> _Directions for this task_: In this exercise, write out the data word for word and leave every image out.

> _Collected material_:
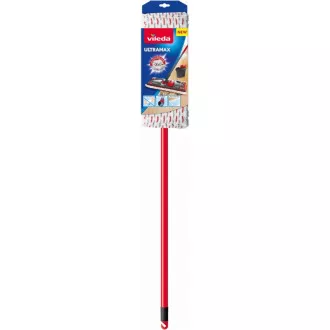 ULTRAMAX MIKROFASER 2IN1 2PCS VILEDA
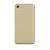 Full Body Housing For Infinix Hot 5 Lite Gold - Maxbhi Com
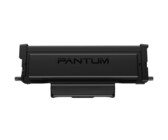 Genuine HP 88 Black and Yellow OfficeJet Printhead (C9381A)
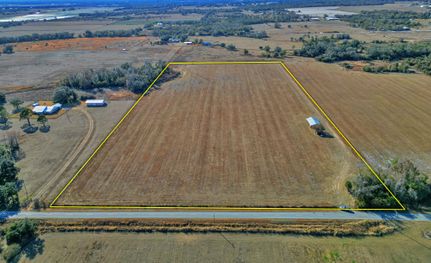 Property for sale in Hardee County, Florida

> _Solution below_:
 ULTRAMAX MIKROFASER 2IN1 2PCS VILEDA
 Full Body Housing For Infinix Hot 5 Lite Gold - Maxbhi Com
 Genuine HP 88 Black and Yellow OfficeJet Printhead (C9381A)
 Property for sale in Hardee County, Florida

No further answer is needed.